同期入社のU君が定年退職の日を迎えた時のことです。当日の朝、「長いようで短い会社生活だった」と話したように時は過ぎてしまうと一瞬です。ただこの一瞬の中に存在する日々はかけがえのない宝物です。しかも誰にも渡ることのない大切なものであり、これからは時間と共に醸成されて味わい深いものになっていくと思います。

これまでの経験を語れる人生があることは素晴らしいことです。真面目な彼が退職の挨拶で言ったことから分かることです。「社員を大切にしてくれる会社で働けたことは幸せでした」。これは幸せな現役生活を終えた瞬間の寂しさも入り混じった言葉でもありました。

感謝の言葉が終わりに差し掛かった時、言葉に詰まったことが幸せな現役生活だったことを示してくれました。社会人になると喜怒哀楽が少なくなっていきます。
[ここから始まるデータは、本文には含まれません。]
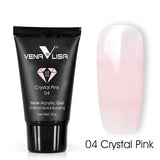 Venalisa New Acrylic Gel TPO Free Hema Free, view 6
思い切り怒ることも、思い切り感動することも少なくなっていくのです。感動で言葉に詰まる経験ができることは幸せだと思います。
会社を去る日が訪れる。これは会社勤めをしているなら何時かは誰にでも訪れる日ですが、特別の日になることは間違いありません。楽しいことも、仕事を達成した喜びも、辛い思いも苦しいこともあったと思いますが、過ぎてしまうとこれらの日々が宝物に思えるでしょう。
人生は日々の選択の連続でできています。ほとんどが小さな選択の繰り返しですが、その選択した結果が今日と言う日です。彼の就職先を決めた選択の日から長い時が過ぎ、その選択が正しかったことを証明した日が今日であり、その選択が人生に多くの物を与えてくれたと思うのです。成長し続けた日々、職場の仲間、困難な仕事を達成した時の喜びなどがそれに該当すると思います。こんなことを思い浮かぶことが「選択は正しかった」と思える材料となります。
結果として小さな選択をした日々が増えていき、大きな選択をした人生になっているのです。やはり人生の幸せは、大きな選択の結果があって得られるものだと思います。60歳は人生の中の山頂にあるのか。まだ登っている途中なのかは分かりませんが、できることなら目指すべき頂はまだ先にあることを願っています。ただ今は、山頂が見えてきた充実感に浸って暫く休憩して欲しいと願います。そして再び山頂を目指してゆっくりと登り始めることを期待しています。

さて、同じ年の仲間が定年を迎えて去っていくことは寂しさを感じるものです。仲間が去っていく寂しさと、残った者としての寂しさを感じます。どんな場合でも時は止まることなく動いていて、私達の感情を飲み込んでいきます。しかし感情を飲み込んでいく時を生きることが人生であり、無機質な時の中に感情を溶け込ませることが素敵だと思うのです。
悠久の時間は、短い人生を懸命に生きた私達の感情を抱えて遠くまで運んでくれると思うからです。身体は時間の速度を越えることはできませんが、形のない強い感情は時間と共に進んでいくと思うのです。有形の身体は消える時が訪れるとしても、無形である強い感情は存在し続けると思います。

喜び、感謝の気持ち、感動した経験、そして言葉を詰まらせる涙。これらは強い感情であり、時間の中に残すべき感情です。これまで多くの人が生きた証となる感情が時間と共に動いて、私達が創り出した歴史になっているのです。歴史とは過去のものだけではなく現代のものでもあり、これから訪れる未来も歴史ですから、ずっと継続していくものです。

そんな歴史を創っている人生を過ごせていることに感謝しています。今日の日も歴史の一頁となるものです。定年退職を迎えられたこと、おめでとうございます。